I scored awesome seats. Close up – in the orchestra, but not too close. Gotta be able to see the feet.

Snazzy dress clothes for the boys: check.

What a perfect occasion to buy my boys new dress clothes since they needed them anyway, right? Firstborn got a very handsome single-breasted black suit, and Little Man scored a vintage tuxedo jacket to wear over his Sears shirt and tie.

Musical education: check.

Firstborn’s piano playing has recently really progressed so much so that I bought him a beginner’s book of classical pieces and, knowing he was going to see “The Nutcracker,” he mastered “The Dance of the Sugar Plum Fairy.”

Perfection: check.

It was going to be perfect. Awesome tickets. “The Nutcracker.” Snazzy clothes. Excitement. Piano-playing for weeks leading up to awesome, snazzy, exciting, perfect Nutcracker night. Right?

Wrong.

In the epic fail of my life (at least that’s how it felt to me at the time), the day before “The Nutcracker” – on the day that would have been my father’s 73rd birthday, God rest his soul – I threw my back out. Like, I was hinged at the waist and immobile. Then I could not stand or walk for days. (I still managed to livetweet the airing of my Christmasy movie, “The Flight Before Christmas,” but I was in pain much of the time.)

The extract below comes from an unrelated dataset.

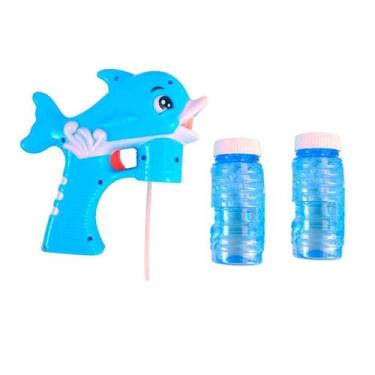 Imagem de Pistola Lança Bolhas De Sabão Brinquedo Golfinho Refil Azul - Wellmix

I was down for the count. Out. Grounded. Punished? Perhaps. Maybe not. God only knows. Epic fail: check.

And so to make a long story short, my ex-husband put on his best snazzy clothes and took our boys to see “The Nutcracker” with my tickets. Firstborn looked so handsome and Little Man’s tuxedo jacket over this Sears shirt was almost too much cuteness for one little person to embody. And I spent that time home on a couch, propped up and virtually immobile, crying my eyes out and trying to find the lesson God might be teaching me deliberately or by accident.

If you’ve ever thrown your back out in a way such that the masseuse that works on you says after working on your back for three minutes, “Oh my goodness, did you have a terrible fall?!” and you reply, “No, I was reaching for the canola oil,” you know how unbelievable this kind of injury can be.

And if you’ve ever wanted so badly to do something right as a mom after feeling you do so many things wrong, you know how unbelievable and upsetting this kind of turn of events can be.

And if you’ve ever spent a lot of time and money and energy on something because you want it to be so right and perfect and you think nothing can go wrong but then when your ex brings your boys over after “The Nutcracker” and your eyes are almost swollen shut from crying so hard about everything you’ve missed and when you ask your boys how it was they say, “Boring,” then you know exactly what it’s like to be a mom.

From my imperfect life to your perfect or imperfect ones, Happy Holidays. Merry Christmas to those of you celebrating:  may all your Christmases be exactly what they are supposed to be, and may you learn whatever lessons there are to learn.